The given graph is as shown in the left figure below. The cost of each edge is shown near the starting vertex of that edge.
![image](https://img.atcoder.jp/abc441/e8fc1c428ced9f3b279428f499247a8a.png)
Here, the following holds:

* For the path from vertex $1$ to vertex $1$, consider vertex $1$ $\to$ vertex $2$ $\to$ vertex $5$ $\to$ vertex $1$ (center of the figure above). This traverses exactly three edges, and the sum of the costs of the traversed edges is $20+10+70=100$, so it satisfies the condition.
* There is no path from vertex $1$ to vertex $2$ that satisfies the condition. One path that traverses exactly three edges is vertex $1$ $\to$ vertex $2$ $\to$ vertex $1$ $\to$ vertex $2$, but the sum of the costs of the edges traversed in this path is $20+30+20=70$, which is less than $80$, so it does not satisfy the condition.
* There is no path from vertex $1$ to vertex $3$ that satisfies the condition. One path that traverses exactly three edges is vertex $1$ $\to$ vertex $2$ $\to$ vertex $1$ $\to$ vertex $3$, but the sum of the costs of the edges traversed in this path is $20+30+70=120$, which is greater than $100$, so it does not satisfy the condition.
* There is no path from vertex $1$ to vertex $4$ that satisfies the condition.
* For the path from vertex $1$ to vertex $5$, consider vertex $1$ $\to$ vertex $3$ $\to$ vertex $2$ $\to$ vertex $5$ (right of the figure above). This traverses exactly three edges, and the sum of the costs of the traversed edges is $70+10+10=90$, so it satisfies the condition.

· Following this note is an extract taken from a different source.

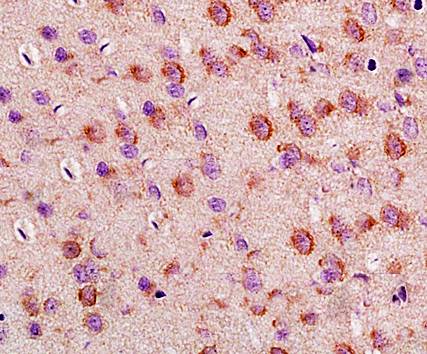 LLGL1 Rabbit Polyclonal Antibo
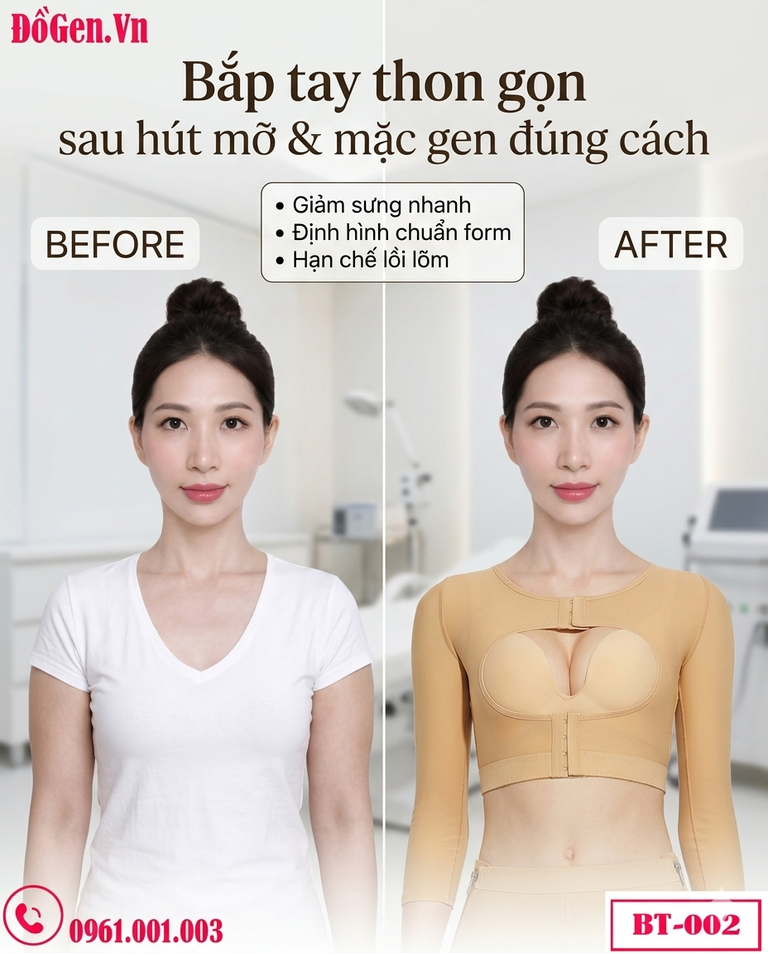 Hút Mỡ Bắp Tay Bị Lồi Lõm: Nguyên Nhân & Cách Chọn Áo Gen Định Hình Chuẩn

Therefore, print $1$, $5$ in this order. Note that you need to print those vertices that satisfy the condition in ascending order.

Input #2

10 1 1 1 100
2 3 1

Output #2

If there are no vertices that satisfy the condition, print an empty line.

Input #3

2 5 3 1 100
1 1 1
2 2 100
1 2 1
1 2 1
1 2 100

Output #3

1 2

The graph may contain self-loops and multiple edges.  
In this test case, the out-degrees from vertices $1$ and $2$ are $4$ and $1$, respectively.

API Response (JSON)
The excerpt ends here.